The Holylands were anything but, unless decadence is divinity.  Its streets were named in the late nineteenth century after Cairo, Jerusalem, Palestine, Carmel, and Damascus, where we had our visions, although we never changed my ways.  All were bookended by Agincourt and Rugby Avenues, as if this lost colony of the old empire might be contained by its martial inheritances.  As if.

I remember this time in blacks and grays, the colours of night and of the rain.  Our liberty was darkness, our city a thin borderland whose edges ran from the university, down Botanic Avenue to Lavery’s bar, and on into town, past Dr. Robert’s records, to Giros and the Art College.

This narrow isthmus had its uncertain shoals in the adjoining districts, whose edges were read by the low hover of helicopters, bangs and rumbles, sirens, worried looks.  Occasionally we crossed the line, as I did one night, wrecked and out the door of the last terrace before the river.

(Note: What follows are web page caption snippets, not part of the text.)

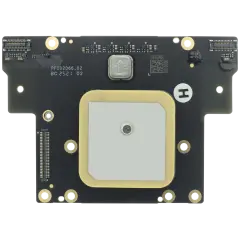 Gps Board For DJI Air 2S (Used OEM Pull: Grade A)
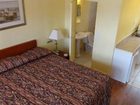 фото отеля Beacon Hill Motel
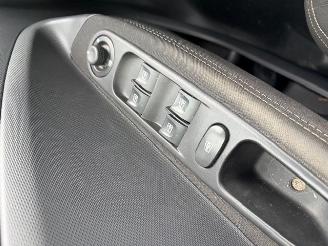 Renault Zoé 40KWH picture 10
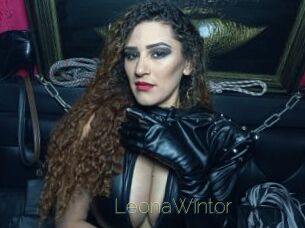 LeonaWintor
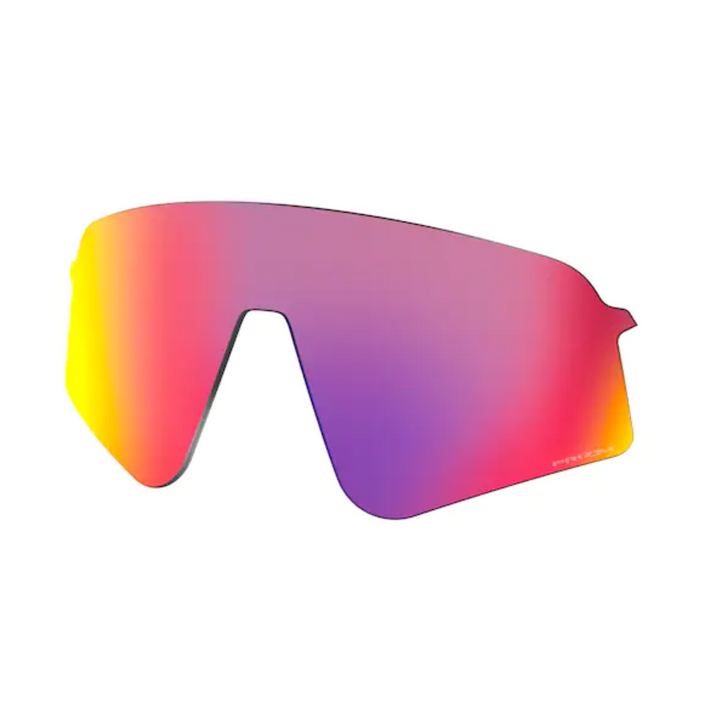 Oakley Sutro Lite Sweep Replacement Lens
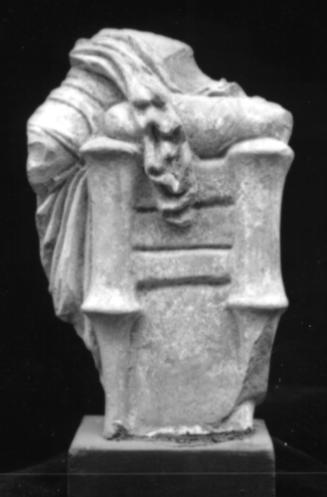 Relief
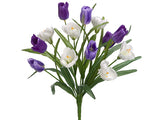 Purple Lavender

I remember slumping on the cold ground beneath a spindly sapling, an army land rover driving slowly past, the soldiers in their helmets laughing at the eejit, rifles pointed up.  Casual comedy was part of this time’s fabric, as was terror, the two a rhythm section to bewilderment.

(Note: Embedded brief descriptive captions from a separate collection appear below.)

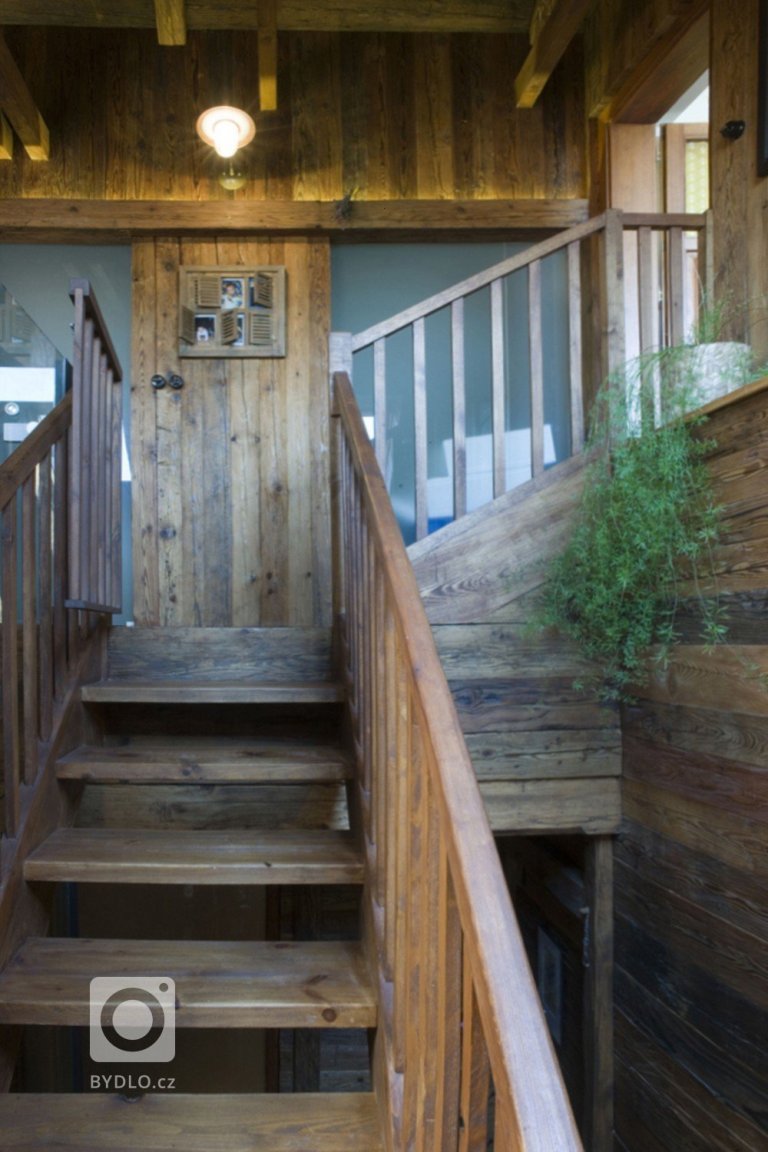 add picture to album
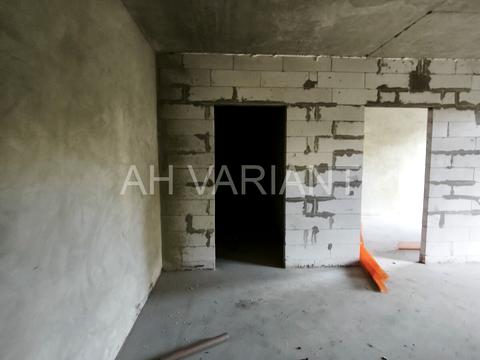 квартира за адресою Франтішека Тіхого вул., 11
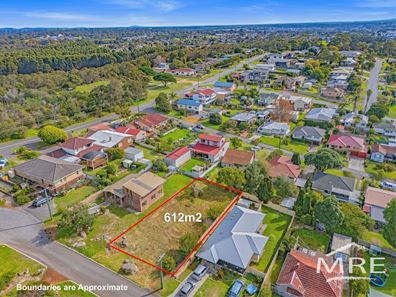 5 Stanley Street, Mount Melville WA 6330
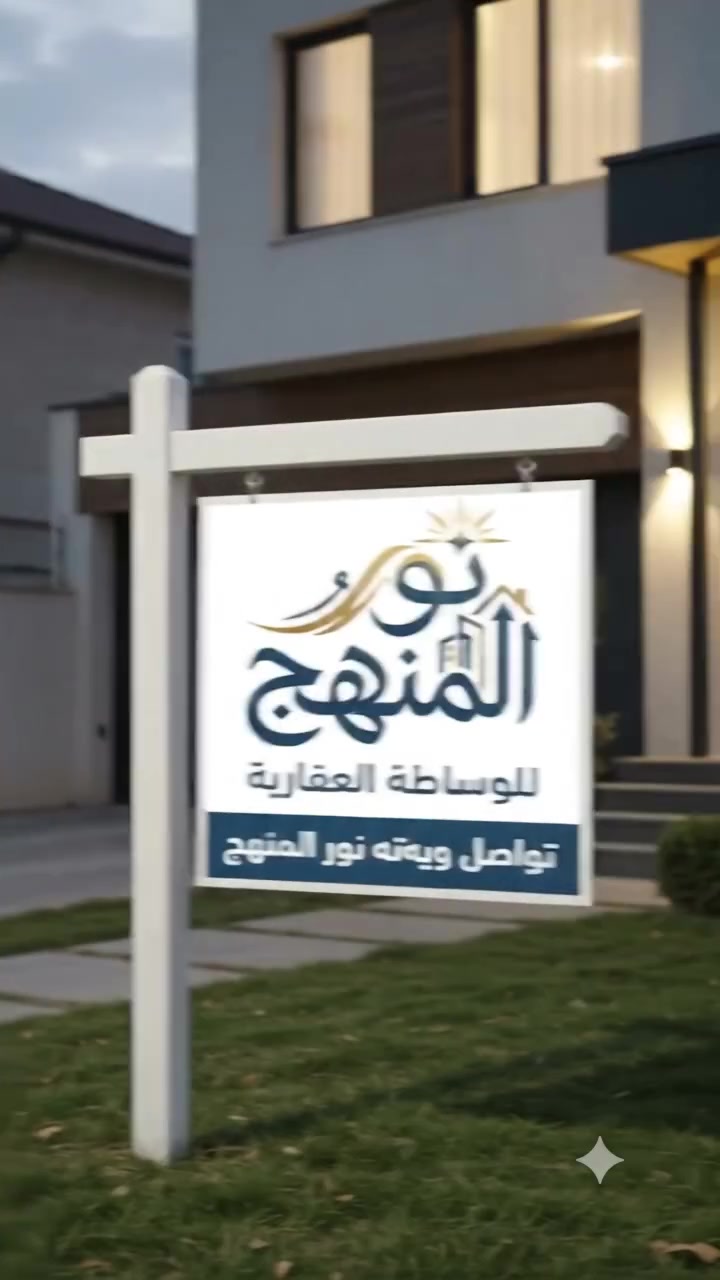 النجف الاشرف • نور المنهج • مجازة رسمية
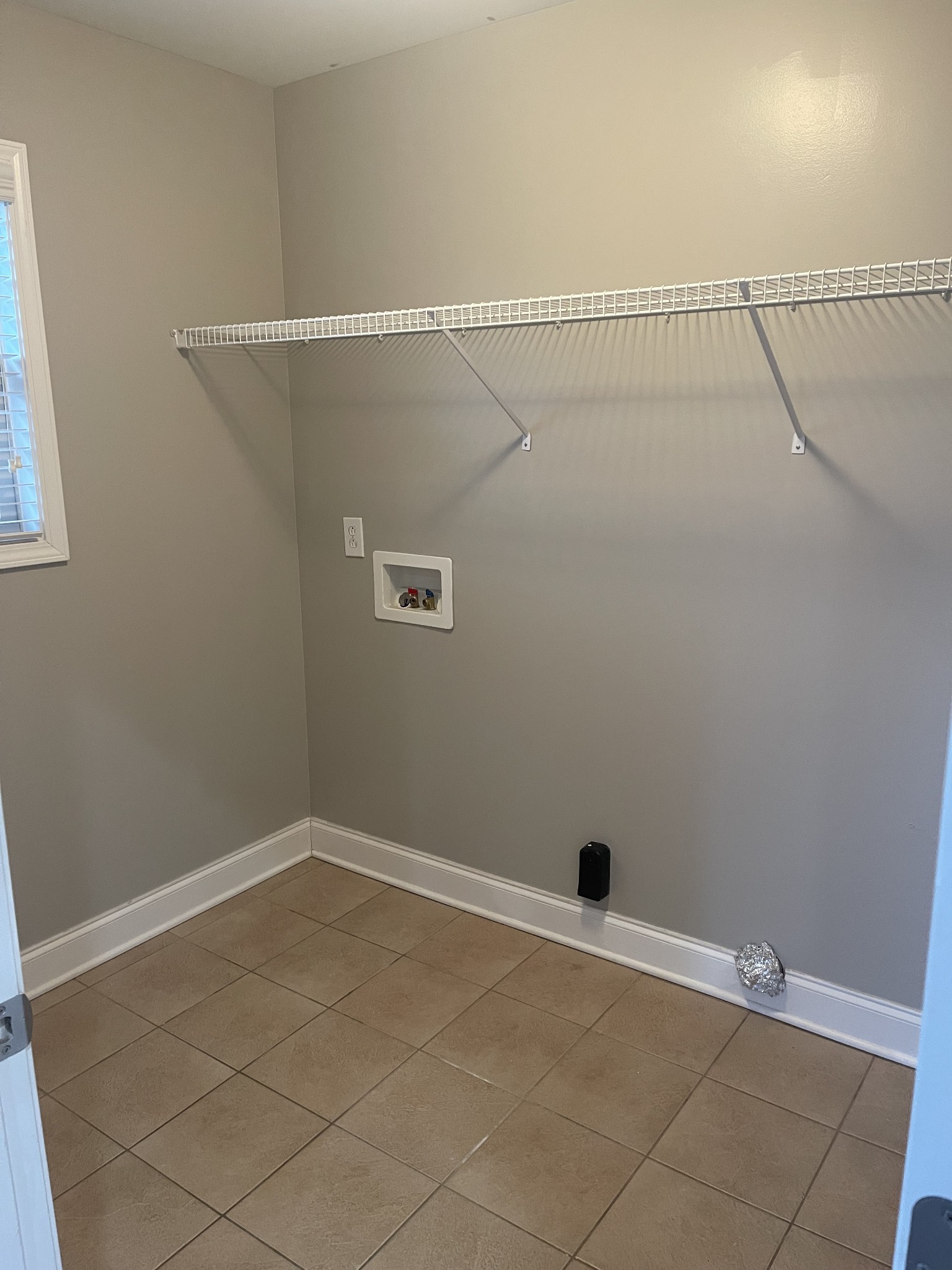 4815 Conquer Drive Murfreesboro, TN 37128 - Photo 8 of 10 a view of a small space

And music was everything.  I had been going to Giro’s from the late eighties, at first to use its band practice space downstairs, later to talk anarchy in the café above.  Café might be too grand a word for a collective and voluntary enterprise that served vegetarian food to all-comers, Giros a refuge for Belfast’s anti-sectarian, anti-capital, anti-fox hunting, anti-Thatcher, anti-Reagan, pro-Buckfast refuseniks.

I went there first in my school uniform, to some amusement given it was of one of the posher Belfast grammar schools, and graduated in the practice room from Police covers to American hardcore, which was punk played at double speed in the Limelight and the Arts College.  These shows were a riot of energy, the volume up, your friends on stage, off and back again, wild yells and wide eyes.

But we were not oblivious, however we sought oblivion.  One hazy afternoon in Jerusalem Street we were dimly aware of the pop-pop-pops that weren’t on a record, conscious as we walked out of the police cordon five streets down, the stall in afternoon traffic, the helicopters, again. On the news later, I learned that we had heard the murder of five people in Sean Graham’s bookshop, a few hundred yards away.

In the thinning artery that ran through the dying city, we lived with intensity, in rebellion against atrocity.  The back and then middle bars of Lavery’s were the workshops of our condition, our respite the cheap pints that were sold past their sell-by dates, the round backed snugs our parliament, the jacks our freedom, where all came and went, light-headed.

This was liberty, as was the Limelight, a sea of shaking hair, and all teen spirit, the early nineties a swell of bodies that bobbed up and down, and up and down, and some sinking, like beautiful Patrick, the photographer whose mother once phoned me worried that her son hadn’t his lights on his bike, all drowned now in a deeper dark.

Sometimes the surface of that lost world was as thin as the glass pane that framed the outsized window of the Dudley Street kitchen, which looked sideways onto the corner of Fitzroy Avenue.  We were there late one Friday night, drunk and laughing in the cold inside, when a patrol walked past slowly below, the bottle green of the solitary RUC man dazed by the orange sodium streetlight, the soldiers jogging along from crouch to crouch, as if in a children’s game.

I remember this scene like a painting, when I have forgotten, or misplaced, so much else, that Belfast a frieze of broken parts, the constellations of memory small scraps of bright recall, the Holylands lit like a dark star.